Monday, November 08, 2010 at 12:05 AM.

system.verbs.builtins.searchEngine.indexFolder

on indexFolder (folder, siteName, baseURL, adrStopWords=nil) {
	<<Index all the files in a folder and its subfolders.
	local (pc = file.getPathChar ());
	local (f);
	
	local (adrIndex = searchEngine.getIndexAddress (siteName));
	local (adrPreviews = searchEngine.getPreviewsAddress (siteName));
	
	if adrStopWords == nil {
		adrStopWords = @searchEngine.data.stopWords};
	
	bundle { //ensure that the folder path is valid
		if not (file.exists (folder)) {
			scriptError ("The folder " + folder + " does not exist.")};
		if not (file.isFolder (folder)) {
			scriptError ("The path " + folder + " is not a path to a folder.")}};
	
	bundle { //ensure that the baseURL is valid
		if not (baseURL endsWith "/") {
			scriptError ("Can't index this folder because the baseURL is not the URL of a directory.")}};
	
	fileloop (f in folder, infinity) { //loop through the folder, file by file
		local (fileType = string.lower (file.type (f)));
		fileType = string.popTrailing (fileType, ' ');
		
		case true { //watch out for text files that really aren't text files
			string.lower (f) endsWith ".css";
			string.lower (f) endsWith ".hqx" {
				continue}};
		
		case fileType { //is this a text file? If so, read it and index it.
			"html";
			"htm";
			"text";
			"txt" {
				local (s = string (file.readWholeFile (f)));
				local (title = html.getOneTagValue (s, "title"));
				local (bodyText = html.getOneTagValue (s, "body"));
				local (url);
				
				bundle { //ensure title and bodyText contain text
					if title == "" {
						title = "No Title"};
					if bodyText == "" {
						bodyText = s};
					
					if bodyText == "" {
						continue}};
				
				bundle { //get the URL of this file
					url = string.delete (f, 1, sizeOf (folder));
					url = string.replaceAll (url, pc, "/");
					url = baseURL + url};
				
				msg ("Search Engine: Indexing: " + url);
				
				<<Create a preview for this page.
					<<Always create a preview before indexing the page.
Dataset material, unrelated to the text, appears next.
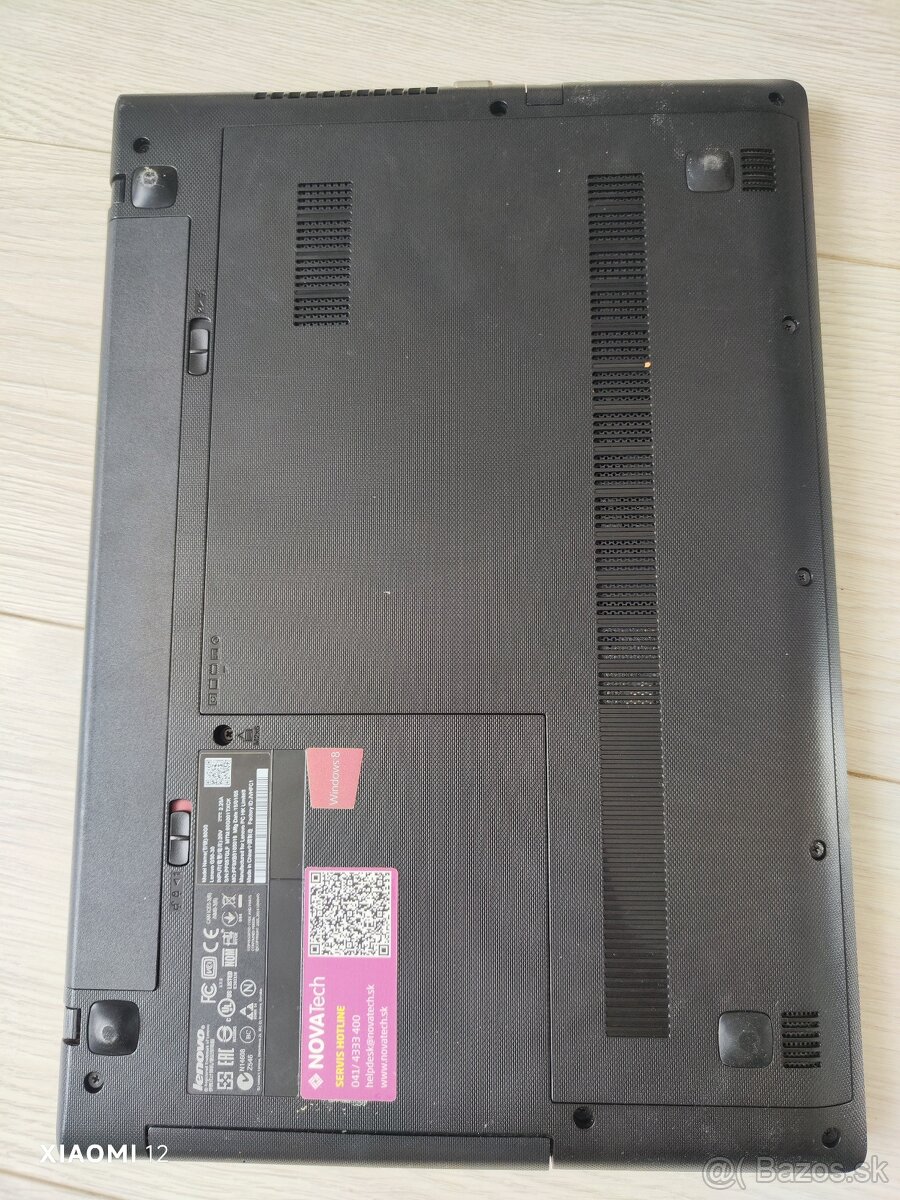 Lenovo g50-30 - 2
				searchEngine.createPreview (bodyText, title, url, f, adrPreviews, file.modified (f));
				
				<<Index the page.
				searchEngine.indexPage (f, url, title, bodyText, adrIndex, adrStopWords)}};
		
		sys.systemTask ()};
	
	<<Save the guest database containing the index.
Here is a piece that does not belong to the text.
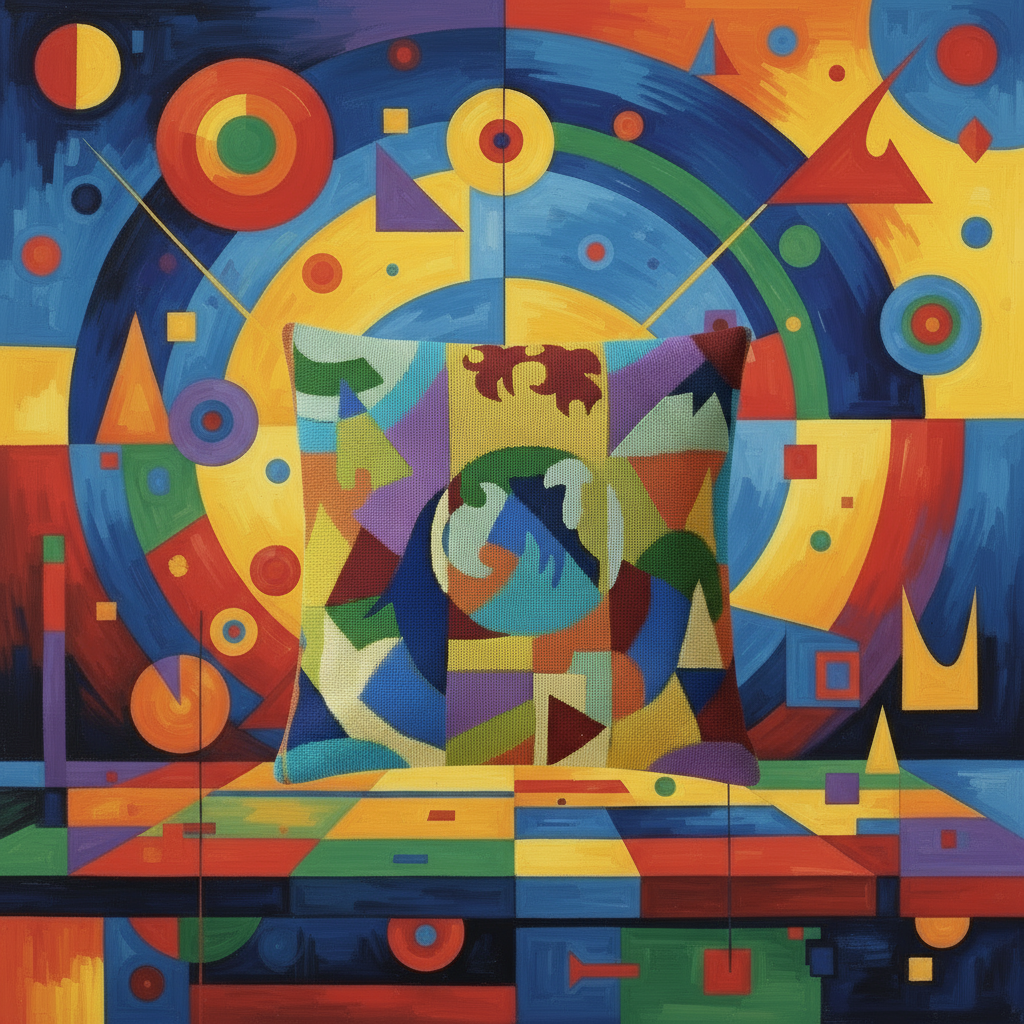 RÉSONANCES MODERNES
	searchEngine.saveIndex (siteName, adrIndex);
	
	return (true)}



This listing is for code that runs in the OPML Editor environment. I created these listings because I wanted the search engines to index it, so that when I want to look up something in my codebase I don't have to use the much slower search functionality in my object database. Dave Winer.